Kelly is originally from Brooklyn, N.Y. where he lived with his parents and his twin brother, Quentin Kelly, both attending high school in Queens before his family picked up and moved to the north end of Hartford. Growing up, Kelly said there was a fair amount of change in his life.
“I used to get reprimanded a lot because I used to do things a lot of people liked to do like go out, talk back, be bad and stuff like that,” Kelly said. “But my parents weren’t trying to have that and I think that’s what molded me to be a pretty good kid — someone that’s just respectful. I know how to talk to people and I know how to not rub people the wrong way. I feel like some people weren’t raised like that.”
As a kid, Kelly was very involved in sports. He participated in volleyball, football, soccer and basketball — not track. Once he moved to Connecticut and started attending Classical Magnet, basketball had taken control as the top sport in his life. It was not until after one of his basketball games his junior year that he made the impulse decision to join the high school track team.

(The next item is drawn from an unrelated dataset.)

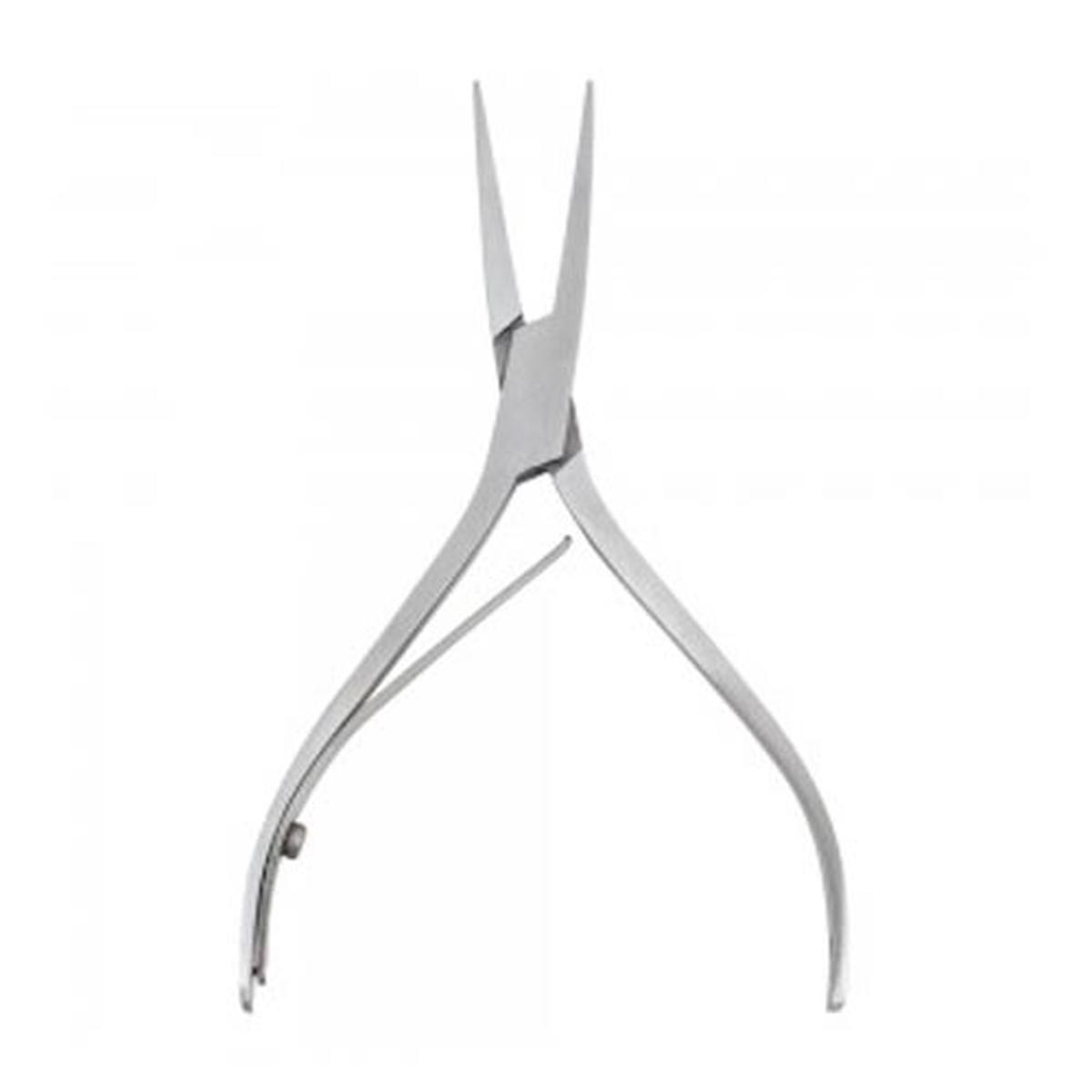 Dr. Slick Eco Barb Plier Mini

“Honestly, track started for me because I was at a basketball game and the track team was about to have a tryout. They just saw me run up and down the court,” he said. “They were all like ‘Justin swears he’s so fast, you should come tryout for the track team’ and I said, ‘you know what, that’s exactly what I’m going to do.’ And the second I came on I started calling myself elite.”
Once his track career got underway, he was able to contribute with the help of his speed and agility. His senior year, he and his teammates won the conference and state championship for the 4×400 relay — Classical’s first ever state title for track and field. Kelly is also the conference record holder for the 4×400 relay and was the recipient of the Most Improved Player award and the Legend award.

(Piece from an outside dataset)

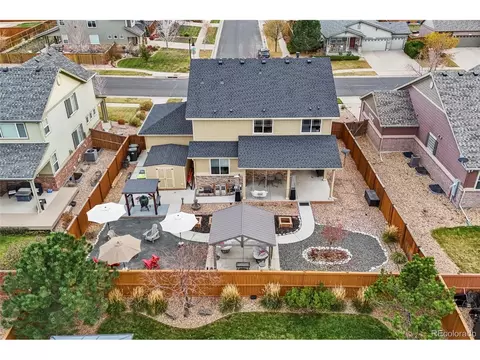 25223 E 2nd Ave, Aurora, CO 80018 photo 49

Though Kelly’s high school career was successful by his standards, he never really thought that track would be the college sport he chose. His recruitment process was atypical, according to Owls’ head coach John Wallin, as they did not come into contact until June of Kelly’s senior year, and he was far from ready when he came in as a freshman.

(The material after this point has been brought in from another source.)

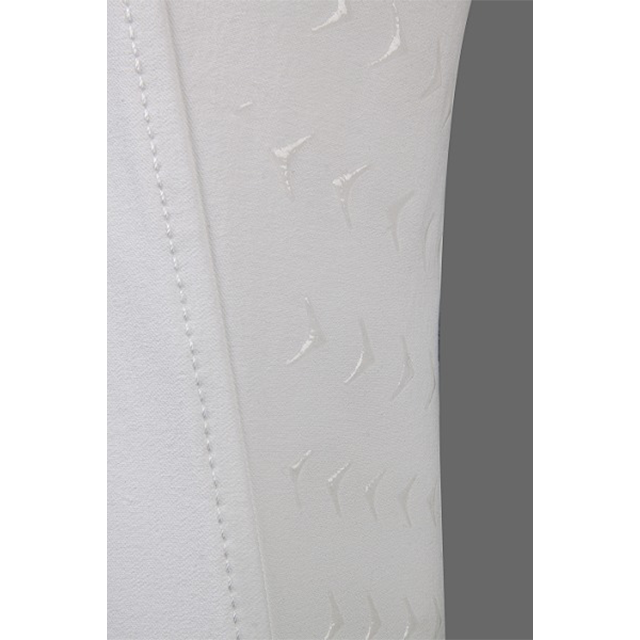 ��EQUILINE �򥭥���åȡ���08664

“He was a mediocre athlete at best when he got here physically, and over time I started to realize that once his body caught up with his brain that he was going to be pretty good,” said Wallin. “And that’s what’s happened the last five years. His body has started to develop; he’s very young physically, so he started to climb athletically.”
On the recruiting trail, Wallin noted that Kelly did not blow him away based off of sheer talent, but his mental toughness might have. He said he always saw how competitive he was — it was all a matter of Kelly’s body developing at a rate where we would be able to contribute and compete.
“He just needed to catch up physically,” Wallin said. “So now that his body has caught up to his brain a little bit, we’re starting to see the real man version of Justin Kelly, whereas before when he first got here, he was a little boy.”
Over time at Southern, Kelly has been a key contributor for one of the top track and field programs in the country at the Division II level. He has been a mainstay for them on meet days, won numerous conference championships for both indoor and outdoor and has even come just shy of breaking all-time program records here. Though his career is drawing to a close, he says his track story is one he can always look back positively on.
“I’m going to look back on my Southern track career as inspirational,” Kelly said. “I’ve just been through it all; I’ve been ineligible, I’ve been hurt, and I’ve always just come back.”
The impact Kelly has made has also rubbed off on his teammates. Though they all still have more business to take care of this year, the underclassmen know their time with him is short. The thing they will miss most, they say, is his balance of fun and seriousness.
“Coming into practice every day, he’ll definitely hype you up and get you ready to workout. [Kelly] definitely brings a lot of energy,” said Terrell Patterson, a junior. “I feel like that’s the relationship a lot of people have with Justin. He’s going to make you laugh but at the same time he’s going to keep you serious and hold you accountable.”
Kelly said he was grateful for the opportunity he has had at Southern, adding that if he had never moved to Connecticut he probably would not have been in college, let alone ever started doing track. As he prepares to close out his career, aside from winning, he has just one goal left to achieve.
“My best way to leave right now is to be an All-American, just be somebody that other people can try to be like. Whether it’s through my animosity, my drive or just my resilience,” Kelly said, “if you put your mind to it and put in enough effort and work, there’s no doubt that you can do whatever you want.”